DATA IN THIS EXERCISE ::
━━━━━━━━

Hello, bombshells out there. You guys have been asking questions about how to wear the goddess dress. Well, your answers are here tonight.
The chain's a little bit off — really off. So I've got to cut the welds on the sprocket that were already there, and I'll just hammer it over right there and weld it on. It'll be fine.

━━━━━━━━

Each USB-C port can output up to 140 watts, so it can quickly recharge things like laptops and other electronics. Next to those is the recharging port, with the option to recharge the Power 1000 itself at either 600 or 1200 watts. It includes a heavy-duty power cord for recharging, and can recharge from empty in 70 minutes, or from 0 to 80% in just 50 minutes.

━━━━━━━━

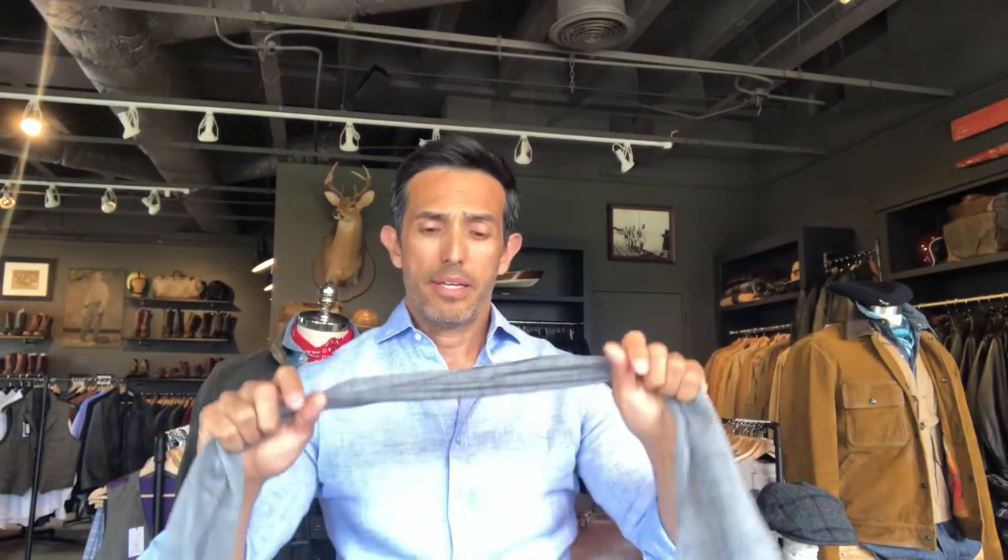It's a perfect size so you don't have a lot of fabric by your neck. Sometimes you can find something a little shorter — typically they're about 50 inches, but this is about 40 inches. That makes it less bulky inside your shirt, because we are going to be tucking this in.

━━━━━━━━

WHAT THE TASK REQUIRES :: Retype only the stretch of lines above starting at the one with "Hello, bombshells out" and stopping at the one with "The chain's a", exactly as written, with both kept.

ANSWER SECTION ::
Hello, bombshells out there. You guys have been asking questions about how to wear the goddess dress. Well, your answers are here tonight.
The chain's a little bit off — really off. So I've got to cut the welds on the sprocket that were already there, and I'll just hammer it over right there and weld it on. It'll be fine.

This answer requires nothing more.